For part $1$: you have a group action given by $\cdot : \operatorname{Gal}(K/\Bbb Q) \times S \to S : \sigma \cdot \mathfrak{p}_i = \sigma(\mathfrak{p}_i)$.
Clearly $\operatorname{id}\cdot \mathfrak{p}_i = \mathfrak{p}_i$ and given $\sigma_1, \sigma_2 \in \operatorname{Gal}(K/\Bbb Q)$ you have $(\sigma_1 \circ \sigma_2) \cdot \mathfrak{p}_i = \sigma_1(\sigma_2(\mathfrak{p}_i))$. Note that $\sigma_2(\mathfrak{p}_i)\in S$ because if $ab \in \sigma_2(\mathfrak{p}_i)$ then $\sigma_2^{-1}(ab) \in \mathfrak{p}_i$. Since $\sigma_2$ is a homomorphism we have $\sigma_2^{-1}(a)\sigma_2^{-1}(b) \in \mathfrak{p}_i$, and since this is a prime ideal we have $\sigma_2^{-1}(a) \in \mathfrak{p}_i$ or $\sigma_2^{-1}(b) \in \mathfrak{p}_i$, and hence $a \in \sigma_2(\mathfrak{p}_i)$ or $b \in \sigma_2(\mathfrak{p}_i)$.
For part 2: we show that this action is transitive on the primes of $K$ lying over $p$ (i.e. that the action of $\operatorname{Gal}(K/\Bbb Q)$ just moves the primes around).
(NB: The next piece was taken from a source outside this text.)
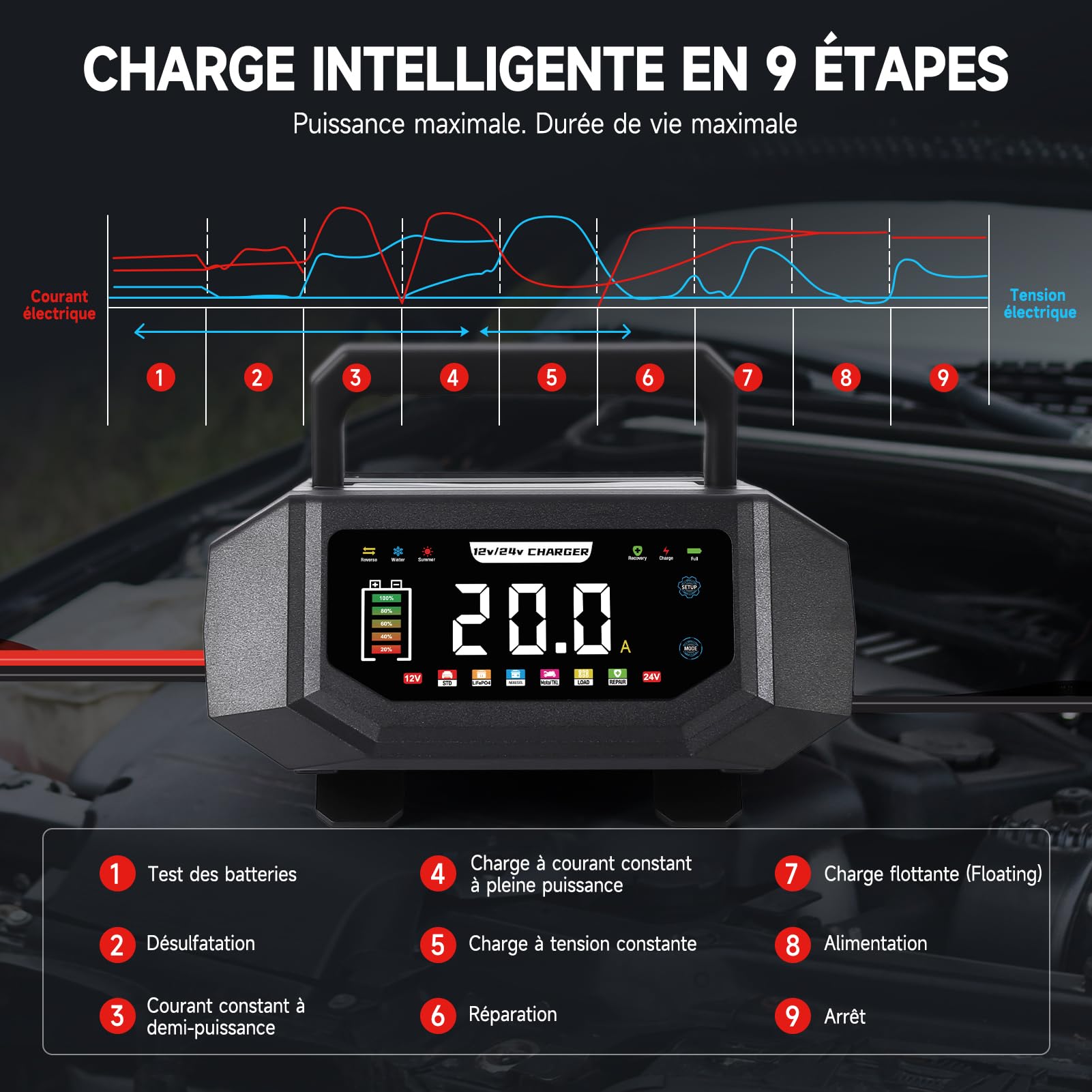 HAUSPROFI Chargeur Batterie Voiture & Moto 12V/24V 20A Intelligent - Courant Réglable (1A-20A), Mode Réparation & Maintien de Charge pour Plomb, AGM, Gel, Lithium LiFePO4, Camion, Camping-Car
Suppose that $\mathfrak{p}_i$ and $\mathfrak{p}_j$ are not conjugate by an element of $\operatorname{Gal}(K/\Bbb Q)$ so that for all $\sigma$, $\sigma(\mathfrak{p}_i) \neq \mathfrak{p}_j$. By the Chinese remainder theorem we can find a $\beta \in \mathfrak{p}_i$ such that $\beta \notin \mathfrak{p}_j$ for any $j \neq i$. Let $b = N\beta = \prod_{\sigma \in \operatorname{Gal}(K/\Bbb Q)} \sigma(\beta)$. Then $b \in \Bbb Z \cap \mathfrak{p}_i = p\mathcal{O}_K$. Now, for all $\sigma \in \operatorname{Gal}(K/\Bbb Q)$ we have $\beta \notin \sigma^{-1}(\mathfrak{p}_j)$ and so $\sigma(\beta) \notin \mathfrak{p}_j$. But we showed that $b \in p\mathcal{O}_K \subset \mathfrak{p}_j$ (since $\mathfrak{p}_j \mid p$) and since $b$ is a product of the $\sigma(\beta)$, this contradicts the primality of $\mathfrak{p}_j$, so it must be that there is some $\sigma \in \operatorname{Gal}(K/\Bbb Q)$ such that $\sigma(\mathfrak{p}_i) = \mathfrak{p}_j$.